→ Supplied material
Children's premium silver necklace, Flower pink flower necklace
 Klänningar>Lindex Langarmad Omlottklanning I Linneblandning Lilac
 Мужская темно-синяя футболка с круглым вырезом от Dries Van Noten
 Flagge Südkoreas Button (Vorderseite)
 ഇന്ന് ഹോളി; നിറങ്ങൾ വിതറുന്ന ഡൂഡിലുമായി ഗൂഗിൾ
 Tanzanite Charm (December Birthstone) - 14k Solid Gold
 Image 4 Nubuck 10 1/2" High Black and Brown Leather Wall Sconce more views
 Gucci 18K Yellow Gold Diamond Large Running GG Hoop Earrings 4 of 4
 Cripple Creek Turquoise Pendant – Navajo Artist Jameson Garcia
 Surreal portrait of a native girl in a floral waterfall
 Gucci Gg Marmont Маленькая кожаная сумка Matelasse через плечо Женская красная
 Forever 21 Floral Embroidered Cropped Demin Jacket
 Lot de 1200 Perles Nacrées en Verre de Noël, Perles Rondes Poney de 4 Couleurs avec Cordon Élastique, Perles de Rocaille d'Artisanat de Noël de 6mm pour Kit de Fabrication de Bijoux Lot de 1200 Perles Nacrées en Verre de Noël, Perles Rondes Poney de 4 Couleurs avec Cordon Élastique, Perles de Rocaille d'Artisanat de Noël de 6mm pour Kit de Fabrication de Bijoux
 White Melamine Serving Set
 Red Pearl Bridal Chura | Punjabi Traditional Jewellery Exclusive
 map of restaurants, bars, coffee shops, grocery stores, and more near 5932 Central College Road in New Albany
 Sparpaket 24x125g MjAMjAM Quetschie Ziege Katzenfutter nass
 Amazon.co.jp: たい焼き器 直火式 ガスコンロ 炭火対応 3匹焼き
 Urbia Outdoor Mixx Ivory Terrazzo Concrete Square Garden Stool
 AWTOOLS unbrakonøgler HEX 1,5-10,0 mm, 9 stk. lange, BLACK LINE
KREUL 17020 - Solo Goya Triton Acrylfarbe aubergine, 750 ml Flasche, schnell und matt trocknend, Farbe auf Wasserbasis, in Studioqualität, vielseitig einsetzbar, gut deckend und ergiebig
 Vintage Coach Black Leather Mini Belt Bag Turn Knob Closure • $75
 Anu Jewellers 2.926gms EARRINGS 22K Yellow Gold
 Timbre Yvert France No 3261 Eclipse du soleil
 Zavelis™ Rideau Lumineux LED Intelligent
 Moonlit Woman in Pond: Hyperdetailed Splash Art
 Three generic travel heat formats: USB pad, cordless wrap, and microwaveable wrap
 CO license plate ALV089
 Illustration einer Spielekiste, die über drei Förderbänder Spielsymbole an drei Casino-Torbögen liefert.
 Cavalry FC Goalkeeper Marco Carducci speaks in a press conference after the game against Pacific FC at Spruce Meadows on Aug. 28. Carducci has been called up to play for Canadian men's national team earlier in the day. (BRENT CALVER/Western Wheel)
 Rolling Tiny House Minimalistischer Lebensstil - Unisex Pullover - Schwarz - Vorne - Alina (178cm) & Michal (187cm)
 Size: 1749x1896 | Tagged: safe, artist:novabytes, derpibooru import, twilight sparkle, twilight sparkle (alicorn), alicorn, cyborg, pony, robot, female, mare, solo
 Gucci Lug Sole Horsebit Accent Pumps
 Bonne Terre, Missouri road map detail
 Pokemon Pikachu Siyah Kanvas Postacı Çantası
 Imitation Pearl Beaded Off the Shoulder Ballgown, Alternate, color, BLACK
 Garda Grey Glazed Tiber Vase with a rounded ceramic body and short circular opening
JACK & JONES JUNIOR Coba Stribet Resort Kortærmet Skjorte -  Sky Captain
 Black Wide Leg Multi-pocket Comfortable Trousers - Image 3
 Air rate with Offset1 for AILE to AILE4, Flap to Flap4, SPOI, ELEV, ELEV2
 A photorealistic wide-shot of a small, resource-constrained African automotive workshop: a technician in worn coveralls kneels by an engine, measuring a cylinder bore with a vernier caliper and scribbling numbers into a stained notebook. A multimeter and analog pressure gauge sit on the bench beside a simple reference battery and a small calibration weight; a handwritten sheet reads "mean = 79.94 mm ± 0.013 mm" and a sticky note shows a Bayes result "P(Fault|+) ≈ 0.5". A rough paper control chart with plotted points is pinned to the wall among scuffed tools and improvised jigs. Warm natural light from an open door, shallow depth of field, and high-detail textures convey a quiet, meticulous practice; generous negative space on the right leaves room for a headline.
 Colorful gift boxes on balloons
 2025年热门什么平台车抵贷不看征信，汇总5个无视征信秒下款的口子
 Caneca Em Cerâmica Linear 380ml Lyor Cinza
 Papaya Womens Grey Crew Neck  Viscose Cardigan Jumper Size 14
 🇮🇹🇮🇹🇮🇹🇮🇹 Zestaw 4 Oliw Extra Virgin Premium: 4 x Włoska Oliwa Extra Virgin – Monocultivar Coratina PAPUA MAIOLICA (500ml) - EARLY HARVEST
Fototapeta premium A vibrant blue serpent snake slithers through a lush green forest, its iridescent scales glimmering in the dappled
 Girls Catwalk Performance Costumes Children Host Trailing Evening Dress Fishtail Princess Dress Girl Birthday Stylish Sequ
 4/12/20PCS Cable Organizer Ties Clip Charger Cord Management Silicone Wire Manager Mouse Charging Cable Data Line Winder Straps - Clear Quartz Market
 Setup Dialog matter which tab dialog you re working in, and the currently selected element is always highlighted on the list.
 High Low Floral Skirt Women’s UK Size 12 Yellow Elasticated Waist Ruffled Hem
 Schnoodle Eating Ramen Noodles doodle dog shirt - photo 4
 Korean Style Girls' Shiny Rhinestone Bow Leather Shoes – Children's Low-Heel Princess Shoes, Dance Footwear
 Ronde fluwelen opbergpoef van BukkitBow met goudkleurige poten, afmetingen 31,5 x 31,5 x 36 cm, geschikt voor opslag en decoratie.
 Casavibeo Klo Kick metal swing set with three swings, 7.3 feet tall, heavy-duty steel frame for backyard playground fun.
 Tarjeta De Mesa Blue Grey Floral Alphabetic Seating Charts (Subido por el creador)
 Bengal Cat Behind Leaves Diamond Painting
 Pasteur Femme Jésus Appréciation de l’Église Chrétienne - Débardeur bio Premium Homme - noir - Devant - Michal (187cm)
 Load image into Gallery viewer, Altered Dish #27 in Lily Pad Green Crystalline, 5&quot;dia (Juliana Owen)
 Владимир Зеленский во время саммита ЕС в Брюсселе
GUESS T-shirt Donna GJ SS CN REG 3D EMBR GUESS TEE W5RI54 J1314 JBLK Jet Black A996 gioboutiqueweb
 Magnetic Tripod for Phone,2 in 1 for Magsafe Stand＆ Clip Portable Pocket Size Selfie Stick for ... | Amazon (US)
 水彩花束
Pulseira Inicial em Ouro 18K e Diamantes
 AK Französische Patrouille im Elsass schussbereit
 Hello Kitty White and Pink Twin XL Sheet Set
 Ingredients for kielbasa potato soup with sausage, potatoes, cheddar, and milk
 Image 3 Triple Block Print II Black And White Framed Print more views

→ What to produce
Output each entry precisely as given.

→ Your solution
Children's premium silver necklace, Flower pink flower necklace
 Klänningar>Lindex Langarmad Omlottklanning I Linneblandning Lilac
 Мужская темно-синяя футболка с круглым вырезом от Dries Van Noten
 Flagge Südkoreas Button (Vorderseite)
 ഇന്ന് ഹോളി; നിറങ്ങൾ വിതറുന്ന ഡൂഡിലുമായി ഗൂഗിൾ
 Tanzanite Charm (December Birthstone) - 14k Solid Gold
 Image 4 Nubuck 10 1/2" High Black and Brown Leather Wall Sconce more views
 Gucci 18K Yellow Gold Diamond Large Running GG Hoop Earrings 4 of 4
 Cripple Creek Turquoise Pendant – Navajo Artist Jameson Garcia
 Surreal portrait of a native girl in a floral waterfall
 Gucci Gg Marmont Маленькая кожаная сумка Matelasse через плечо Женская красная
 Forever 21 Floral Embroidered Cropped Demin Jacket
 Lot de 1200 Perles Nacrées en Verre de Noël, Perles Rondes Poney de 4 Couleurs avec Cordon Élastique, Perles de Rocaille d'Artisanat de Noël de 6mm pour Kit de Fabrication de Bijoux Lot de 1200 Perles Nacrées en Verre de Noël, Perles Rondes Poney de 4 Couleurs avec Cordon Élastique, Perles de Rocaille d'Artisanat de Noël de 6mm pour Kit de Fabrication de Bijoux
 White Melamine Serving Set
 Red Pearl Bridal Chura | Punjabi Traditional Jewellery Exclusive
 map of restaurants, bars, coffee shops, grocery stores, and more near 5932 Central College Road in New Albany
 Sparpaket 24x125g MjAMjAM Quetschie Ziege Katzenfutter nass
 Amazon.co.jp: たい焼き器 直火式 ガスコンロ 炭火対応 3匹焼き
 Urbia Outdoor Mixx Ivory Terrazzo Concrete Square Garden Stool
 AWTOOLS unbrakonøgler HEX 1,5-10,0 mm, 9 stk. lange, BLACK LINE
KREUL 17020 - Solo Goya Triton Acrylfarbe aubergine, 750 ml Flasche, schnell und matt trocknend, Farbe auf Wasserbasis, in Studioqualität, vielseitig einsetzbar, gut deckend und ergiebig
 Vintage Coach Black Leather Mini Belt Bag Turn Knob Closure • $75
 Anu Jewellers 2.926gms EARRINGS 22K Yellow Gold
 Timbre Yvert France No 3261 Eclipse du soleil
 Zavelis™ Rideau Lumineux LED Intelligent
 Moonlit Woman in Pond: Hyperdetailed Splash Art
 Three generic travel heat formats: USB pad, cordless wrap, and microwaveable wrap
 CO license plate ALV089
 Illustration einer Spielekiste, die über drei Förderbänder Spielsymbole an drei Casino-Torbögen liefert.
 Cavalry FC Goalkeeper Marco Carducci speaks in a press conference after the game against Pacific FC at Spruce Meadows on Aug. 28. Carducci has been called up to play for Canadian men's national team earlier in the day. (BRENT CALVER/Western Wheel)
 Rolling Tiny House Minimalistischer Lebensstil - Unisex Pullover - Schwarz - Vorne - Alina (178cm) & Michal (187cm)
 Size: 1749x1896 | Tagged: safe, artist:novabytes, derpibooru import, twilight sparkle, twilight sparkle (alicorn), alicorn, cyborg, pony, robot, female, mare, solo
 Gucci Lug Sole Horsebit Accent Pumps
 Bonne Terre, Missouri road map detail
 Pokemon Pikachu Siyah Kanvas Postacı Çantası
 Imitation Pearl Beaded Off the Shoulder Ballgown, Alternate, color, BLACK
 Garda Grey Glazed Tiber Vase with a rounded ceramic body and short circular opening
JACK & JONES JUNIOR Coba Stribet Resort Kortærmet Skjorte -  Sky Captain
 Black Wide Leg Multi-pocket Comfortable Trousers - Image 3
 Air rate with Offset1 for AILE to AILE4, Flap to Flap4, SPOI, ELEV, ELEV2
 A photorealistic wide-shot of a small, resource-constrained African automotive workshop: a technician in worn coveralls kneels by an engine, measuring a cylinder bore with a vernier caliper and scribbling numbers into a stained notebook. A multimeter and analog pressure gauge sit on the bench beside a simple reference battery and a small calibration weight; a handwritten sheet reads "mean = 79.94 mm ± 0.013 mm" and a sticky note shows a Bayes result "P(Fault|+) ≈ 0.5". A rough paper control chart with plotted points is pinned to the wall among scuffed tools and improvised jigs. Warm natural light from an open door, shallow depth of field, and high-detail textures convey a quiet, meticulous practice; generous negative space on the right leaves room for a headline.
 Colorful gift boxes on balloons
 2025年热门什么平台车抵贷不看征信，汇总5个无视征信秒下款的口子
 Caneca Em Cerâmica Linear 380ml Lyor Cinza
 Papaya Womens Grey Crew Neck  Viscose Cardigan Jumper Size 14
 🇮🇹🇮🇹🇮🇹🇮🇹 Zestaw 4 Oliw Extra Virgin Premium: 4 x Włoska Oliwa Extra Virgin – Monocultivar Coratina PAPUA MAIOLICA (500ml) - EARLY HARVEST
Fototapeta premium A vibrant blue serpent snake slithers through a lush green forest, its iridescent scales glimmering in the dappled
 Girls Catwalk Performance Costumes Children Host Trailing Evening Dress Fishtail Princess Dress Girl Birthday Stylish Sequ
 4/12/20PCS Cable Organizer Ties Clip Charger Cord Management Silicone Wire Manager Mouse Charging Cable Data Line Winder Straps - Clear Quartz Market
 Setup Dialog matter which tab dialog you re working in, and the currently selected element is always highlighted on the list.
 High Low Floral Skirt Women’s UK Size 12 Yellow Elasticated Waist Ruffled Hem
 Schnoodle Eating Ramen Noodles doodle dog shirt - photo 4
 Korean Style Girls' Shiny Rhinestone Bow Leather Shoes – Children's Low-Heel Princess Shoes, Dance Footwear
 Ronde fluwelen opbergpoef van BukkitBow met goudkleurige poten, afmetingen 31,5 x 31,5 x 36 cm, geschikt voor opslag en decoratie.
 Casavibeo Klo Kick metal swing set with three swings, 7.3 feet tall, heavy-duty steel frame for backyard playground fun.
 Tarjeta De Mesa Blue Grey Floral Alphabetic Seating Charts (Subido por el creador)
 Bengal Cat Behind Leaves Diamond Painting
 Pasteur Femme Jésus Appréciation de l’Église Chrétienne - Débardeur bio Premium Homme - noir - Devant - Michal (187cm)
 Load image into Gallery viewer, Altered Dish #27 in Lily Pad Green Crystalline, 5&quot;dia (Juliana Owen)
 Владимир Зеленский во время саммита ЕС в Брюсселе
GUESS T-shirt Donna GJ SS CN REG 3D EMBR GUESS TEE W5RI54 J1314 JBLK Jet Black A996 gioboutiqueweb
 Magnetic Tripod for Phone,2 in 1 for Magsafe Stand＆ Clip Portable Pocket Size Selfie Stick for ... | Amazon (US)
 水彩花束
Pulseira Inicial em Ouro 18K e Diamantes
 AK Französische Patrouille im Elsass schussbereit
 Hello Kitty White and Pink Twin XL Sheet Set
 Ingredients for kielbasa potato soup with sausage, potatoes, cheddar, and milk
 Image 3 Triple Block Print II Black And White Framed Print more views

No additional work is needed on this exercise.